PALU, theopini.id – Gubernur H Anwar Hafid, memperingatkan ancaman kemiskinan ekstrem yang masih membayangi daerahnya, dalam momentum peringatan Hari Ulang Tahun (HUT) ke-62 Provinsi Sulawesi Tengah, Senin, 13 April 2026.
“Masih ada sekitar 80 ribu rumah tidak layak huni di Sulawesi Tengah. Masih banyak anak-anak yang belum merasakan fasilitas pendidikan yang layak,” ujar Anwar Hafid.
Dalam pidatonya, ia menegaskan, kondisi tersebut tidak bisa lagi dianggap sebagai persoalan biasa, melainkan harus menjadi perhatian serius seluruh pihak.
Ia menilai, jika tidak ditangani secara bersama dan cepat, kemiskinan ekstrem berpotensi menjadi beban berkepanjangan bagi pembangunan daerah.
“Ibu kita Sulawesi Tengah berpesan kepada kita: tolong saudara-saudaramu. Mereka ada di gunung, mereka hidup dalam rumah yang tidak layak, mereka hidup dalam tekanan kemiskinan,” tuturnya.
Menurutnya, masih banyak masyarakat yang hidup dalam keterbatasan, terutama di wilayah terpencil yang belum tersentuh pembangunan secara merata.
Karena itu, ia mengajak seluruh elemen masyarakat untuk tidak lagi berjalan sendiri-sendiri, melainkan memperkuat kolaborasi dalam mengatasi persoalan tersebut.
“Mari kita bergandengan tangan, mari kita melepaskan kepentingan sendiri. Ibu kita ingin agar anak-anaknya tidak tercerai-berai,” tegasnya.
Anwar Hafid juga menekankan, Sulawesi Tengah adalah satu kesatuan yang tidak boleh terpecah oleh kepentingan sempit.
“Kita semua adalah bersaudara.

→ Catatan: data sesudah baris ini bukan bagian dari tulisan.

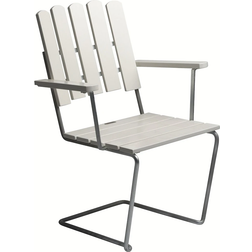 Grythyttan A2 - White Lacquered Oak with Hot-Dip Galvanized Frame Garden Dining Chair
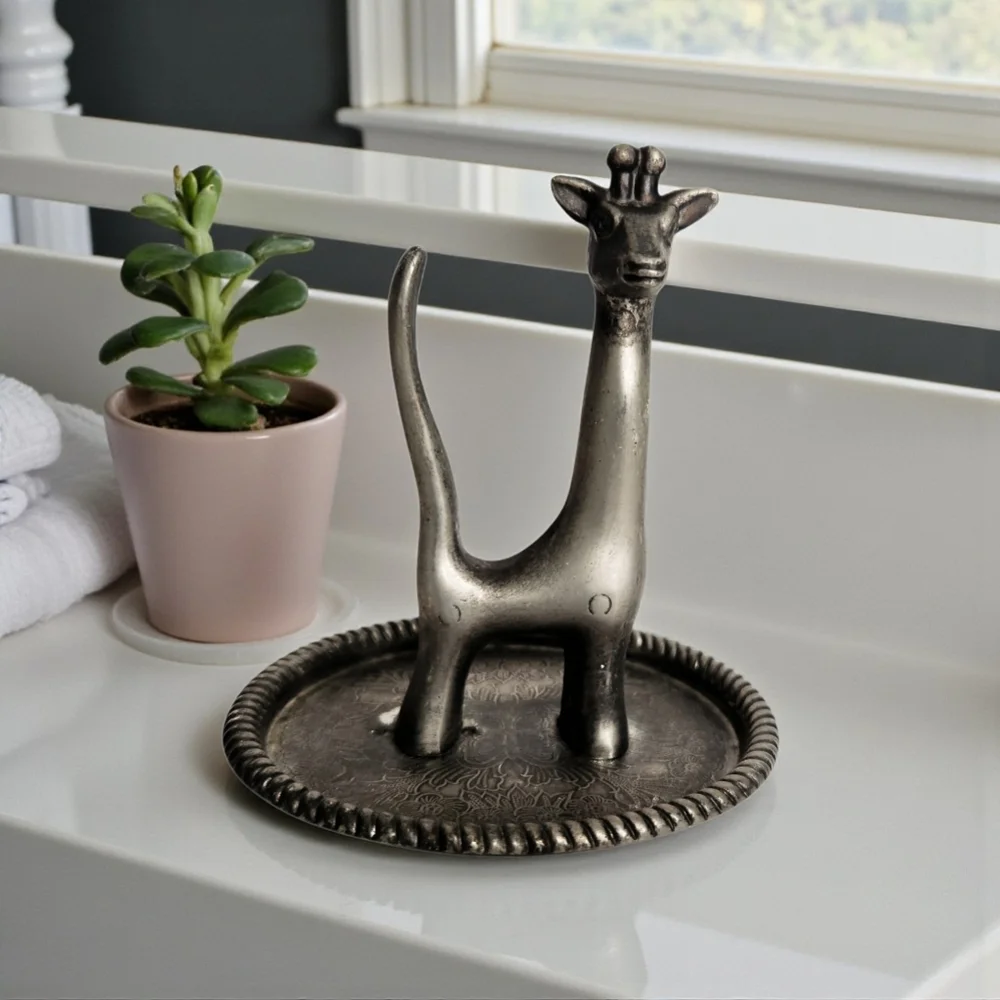 Vintage Silver Plated Giraffe Ring Holder Trinket Dish Hong Kong Whimsical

Kita semua dilahirkan dari satu geografis yang sama, yaitu Sulawesi Tengah,” katanya.
Ia pun mengingatkan, momentum HUT Provinsi Sulawesi Tengah seharusnya menjadi refleksi, bukan sekadar seremoni tahunan.
“Dalam kesempatan yang berbahagia ini, saya sebagai putera asli Sulawesi Tengah, mengajak kita semua bersatu untuk membahagiakan ibu kita Sulawesi Tengah,” ucapnya.
Ia kembali menegaskan, pentingnya gerakan bersama untuk keluar dari tekanan kemiskinan yang masih membayangi sebagian masyarakat.
“Mari kita bersama untuk menyelamatkan saudara-saudara kita,” pungkasnya.